For white supremacists, there may be visceral distress is the knowledge that they have a grandparent or a great grandparent who passed and that they are the product of that choice. They are the product of an environment in which human connection was betrayed by a social and political structure that forced their great grandparents to actively choose barbarism over civilization. Their ancestors had to lie in order that they could be treated as fully human. But that black ancestor is there and probably not too far in the past. The greater discomfort is in knowing that because someone before them could pass, they might have turned around and taken part in lynchings and white power rallies simply to throw other people off the track of their own ancestry. They adopted white supremacy ideas to purposely negate their own identity, knowing that white supremacy is a lie and that their very presence in that arena proves it. Knowing that they are a case study in the absurdity of believing that white and black should not mix and that one race is superior to any other.

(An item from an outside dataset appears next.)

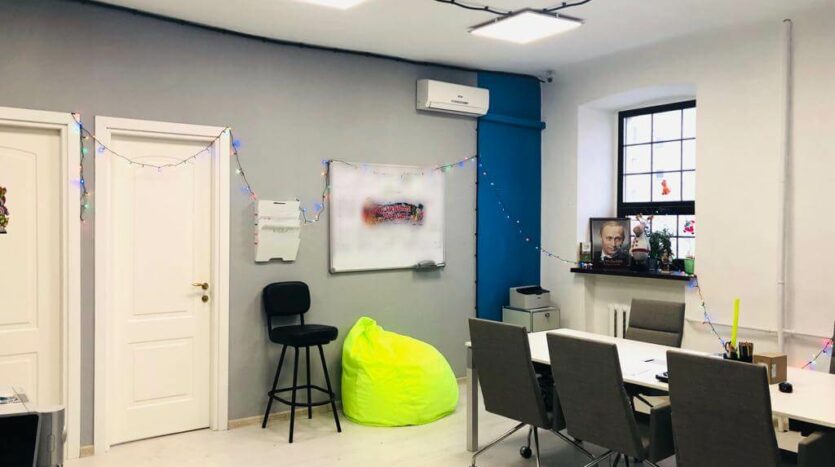 8 ИФНС (ЦАО),  ул. Б.Спасская, д.29, этаж 4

Or maybe they don’t know and don’t want to ask. Maybe they just accepted it as a personal peccadillo that their grandparent obsessively avoided the sun. Or maybe they thought it logical when their parent warned them to obsessively avoid the sun for fear of looking “dark.” It never occurred to them that the reason for that fear was a black grandparent whose genetic code passed down to them might kick in after an hour on the beach. Possibly, when looking at old pictures of grandparents or great grandparents there was that one person who everyone said, oh s/he was “Italian” but they never say from where. That was a person who passed and was able to adopt the identity of an acceptably “white” European ethnicity to explain some anomalous physical traits.

Perhaps they have a great grandparent or grandparent who never knew their dad but there’s that nice old gentleman who was a good friend and even though he’s black everyone seems to like him. That nice gentleman is in their family tree.

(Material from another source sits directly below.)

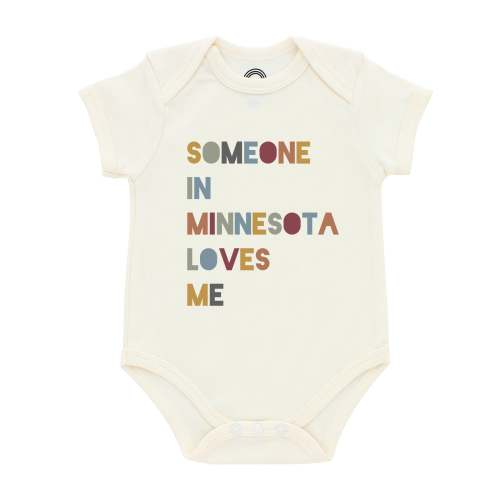 New Someone in Minnesota Loves Me Short Sleeve Baby Onesie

And for some who have thought to ask, they can trace back their family line on one side more than the other. That empty branch features a black great grandparent that no one wants to know.

While the absurdity of white supremacy is not in the genetic argument but in the cultural and political one, it is possibly helpful to think about some of the conditions under which it is a provable lie.

My son could walk into a KKK rally and no one would think twice. He could pass, if he wanted to. He could give me up, if he decided it was easier to hate himself and us. If he chose to, he could pass through the world without the joy of recognizing his diverse lineage. I hope he doesn't make that choice. The mothers who gave birth to young people who rallied on behalf of whiteness, many of them felt that they had no choices and so their grandchildren and great grandchildren rally against them and against themselves. For all that supremacy, we are all the weaker.